» **Your task**: Given the entries below, would you transcribe exactly the lines starting at the one with "Tammeka vs Vaprus" and ending at the one with "تحليل الفضة 7-8-2024 SILVER XAGUSD", both kept, pictures omitted, nothing extra?

━━━ Available records ━━━

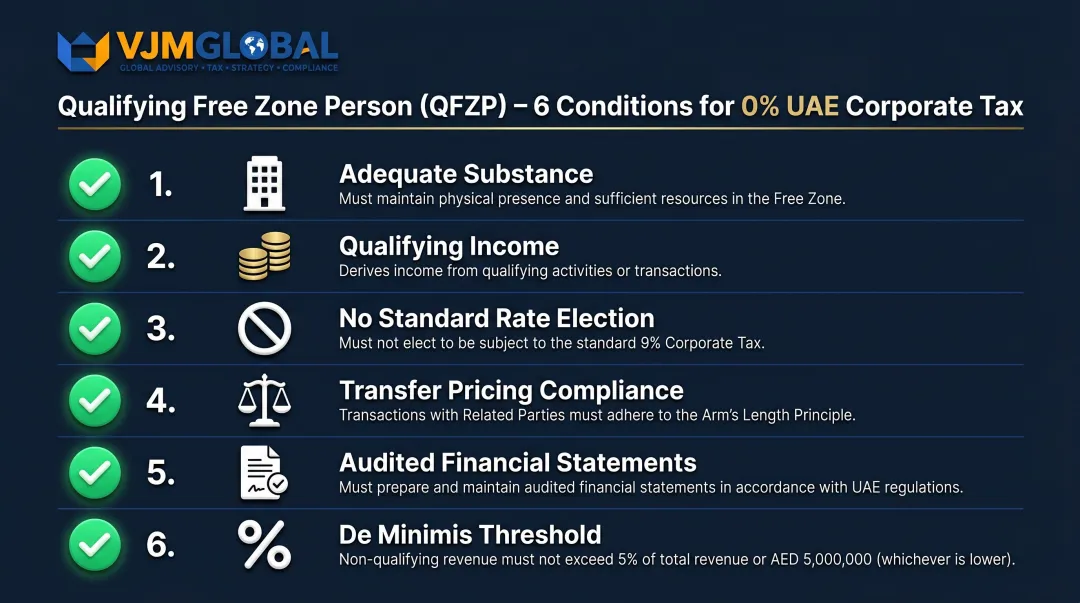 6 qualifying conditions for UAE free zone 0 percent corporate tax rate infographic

━━━
━━━ Available records ━━━

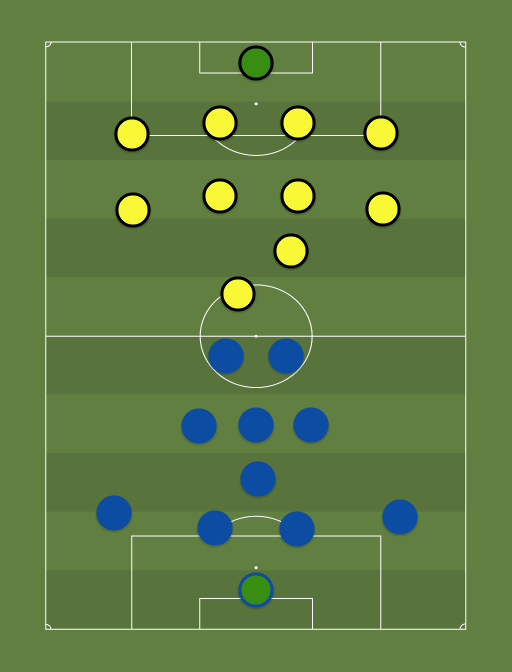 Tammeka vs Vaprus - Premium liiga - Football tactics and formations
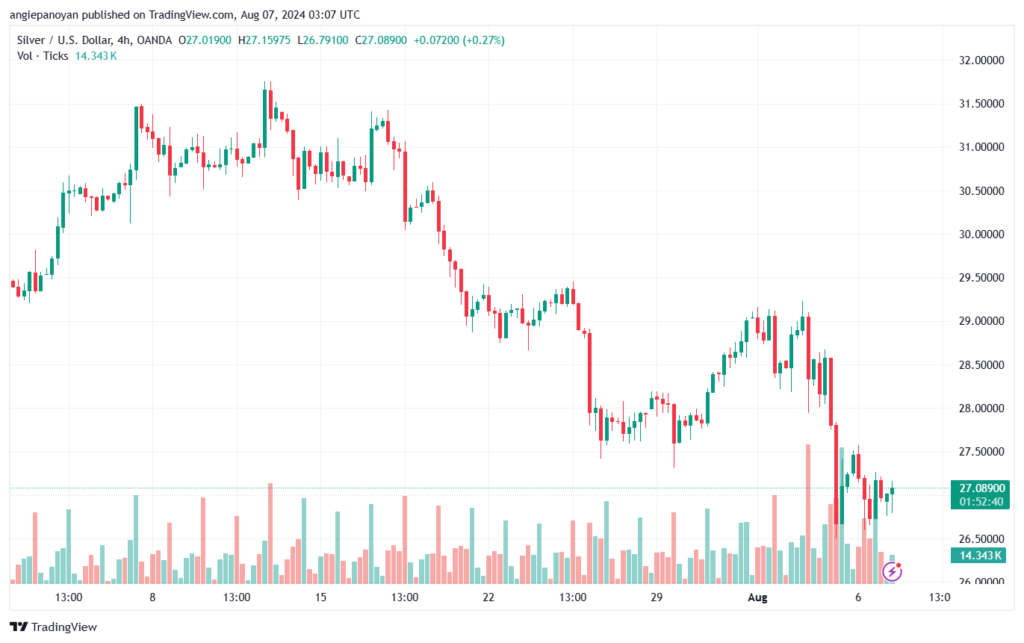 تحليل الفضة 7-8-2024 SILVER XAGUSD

━━━
━━━ Available records ━━━

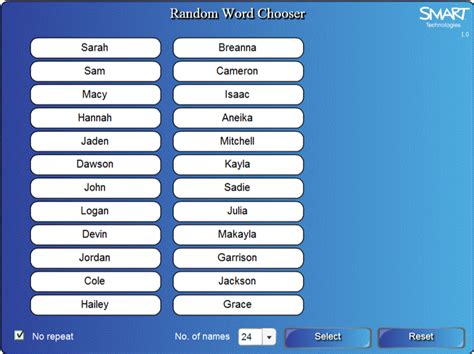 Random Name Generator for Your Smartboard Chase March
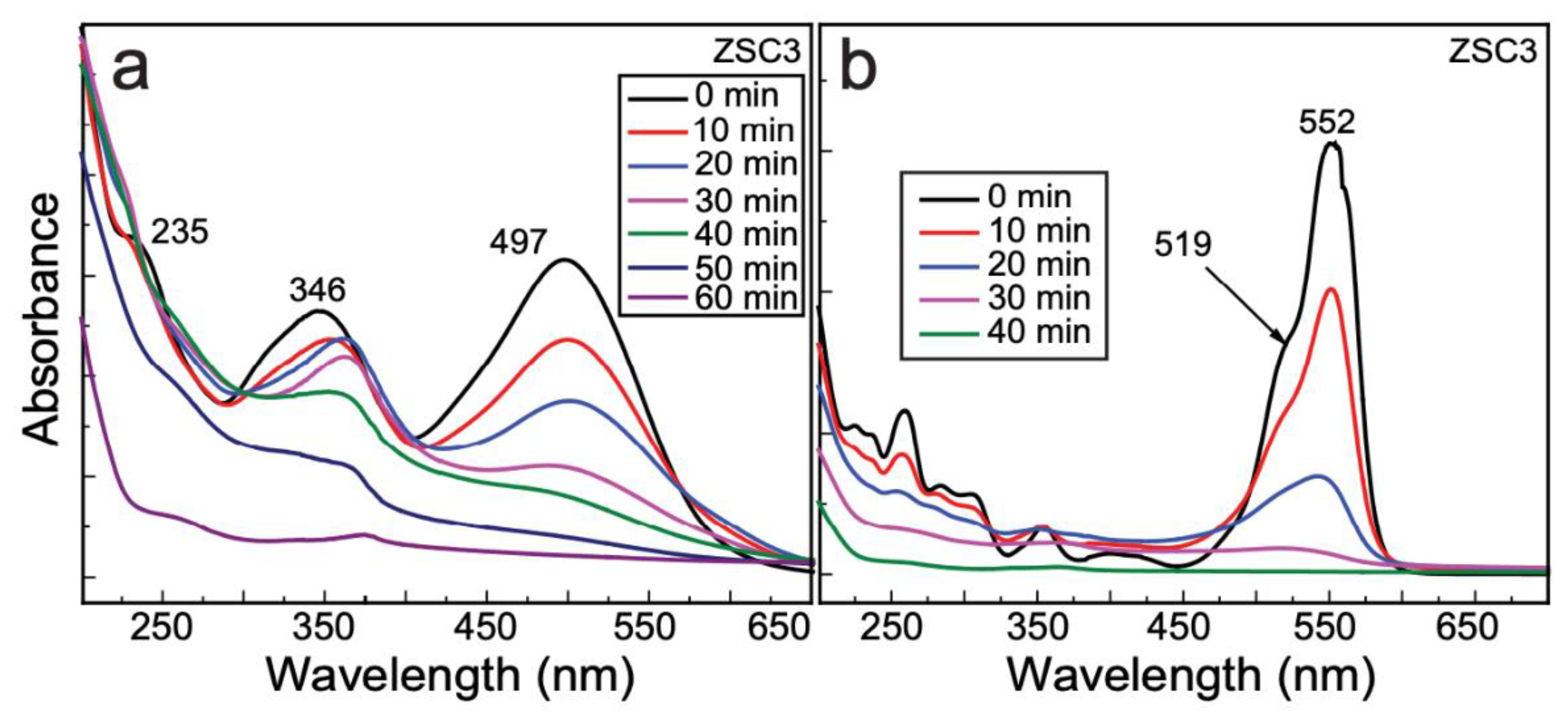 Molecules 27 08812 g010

━━━

» **Exercise response**:
 Tammeka vs Vaprus - Premium liiga - Football tactics and formations
 تحليل الفضة 7-8-2024 SILVER XAGUSD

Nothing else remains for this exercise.